My second question is that, for my GO file, I actually have way more lines than my annotation file, because one gene have multiple GO IDs. Can this work?
Thanks!!!
sessioninfo()
R version 3.3.0 (2016-05-03)
Platform: x86_64-pc-linux-gnu (64-bit)
locale:
[1] LC_CTYPE=en_US.iso885915 LC_NUMERIC=C
[3] LC_TIME=en_US.iso885915 LC_COLLATE=en_US.iso885915
[5] LC_MONETARY=en_US.iso885915 LC_MESSAGES=en_US.iso885915
[7] LC_PAPER=en_US.iso885915 LC_NAME=C
[9] LC_ADDRESS=C LC_TELEPHONE=C
[11] LC_MEASUREMENT=en_US.iso885915 LC_IDENTIFICATION=C
attached base packages:
[1] stats4 parallel stats graphics grDevices utils datasets
[8] methods base
other attached packages:
[1] AnnotationForge_1.14.2 AnnotationDbi_1.34.4 IRanges_2.6.1
[4] S4Vectors_0.10.2 Biobase_2.32.0 BiocGenerics_0.18.0
loaded via a namespace (and not attached):
[1] DBI_0.4-1 RSQLite_1.0.0 XML_3.98-1.4
I fixed that typo, sorry for making silly mistakes. But now I get another error:
> makeOrgPackage(gene_info=aac_info2,go=go_aac2,version="0.1",maintainer="chen<cheng12@uga.edu>",author="chen<cheng12@uga.edu>",outputDir=".",tax_id="397945",genus="Acidovorax",species="citrulli",goTable="go")
Error in structure(res, levels = lv, names = nm, class = "factor") :
'names' attribute [16058] must be the same length as the vector [2]
This is what makes me wonder about the length of the go file. What caused this error?
I don't know. It's not obvious from the error message. What do you get if you run traceback() right after you get the error?
> traceback()
6: structure(res, levels = lv, names = nm, class = "factor")

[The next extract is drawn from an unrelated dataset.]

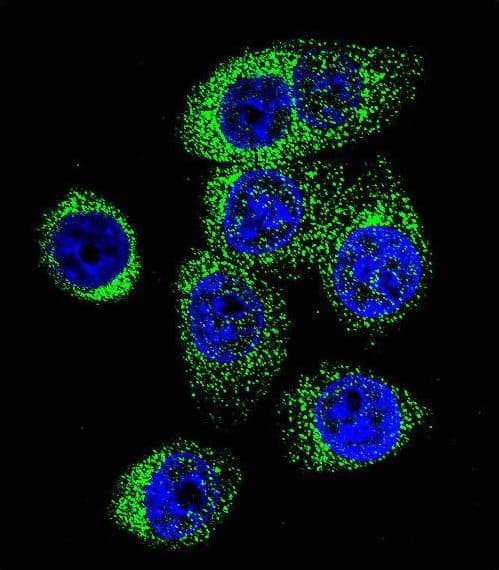 Polyclonal Rabbit anti-Human CASP12 / Caspase 12 Antibody (aa165-193, IHC, IF, WB)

5: unlist(unname(lapply(data, "[", "GID")))
4: unique(unlist(unname(lapply(data, "[", "GID"))))
3: makeOrgDbFromDataFrames(data, tax_id, genus, species, dbFileName,
goTable)
2: .makeOrgPackage(data, version = version, maintainer = maintainer,
author = author, outputDir = outputDir, tax_id = tax_id,
genus = genus, species = species, goTable = goTable, verbose = verbose)

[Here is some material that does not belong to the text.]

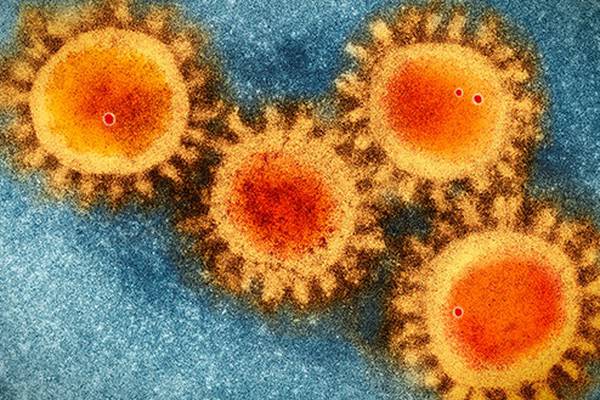 Coronavirus: 310 more cases as school detections rise by 60%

1: makeOrgPackage(gene_info = aac_info2, go = go_aac2, version = "0.1",
maintainer = "chen<cheng12@uga.edu>", author = "chen<cheng12@uga.edu>",
outputDir = ".", tax_id = "397945", genus = "Acidovorax",
species = "citrulli", goTable = "go")
The problem is that your GIDs are factors rather than numeric, which implies that you have either done something weird when you read those in, or you have some GIDs that R is somehow interpreting as character, which causes it to convert to factor.
In other words, if you read something into R, and you have a column that appears to contain text, R will by default convert that column to factor. As an example:
So if your GID column is all numbers, R will read it in as numbers. But if there are some things in that column that look like strings, the column will be read in as a character vector and then converted to a factor. And this will blow up, giving the error you are seeing:
You could read in using stringsAsFactor = FALSE, and that will work:
But all those GIDs should be numeric, so if I were you, I would track down the non-numeric looking things and figure out what's up wit dat.
Ahhhh I see! I finally got it made. Thank you very much!
thanks a lot! I been stuck it all day.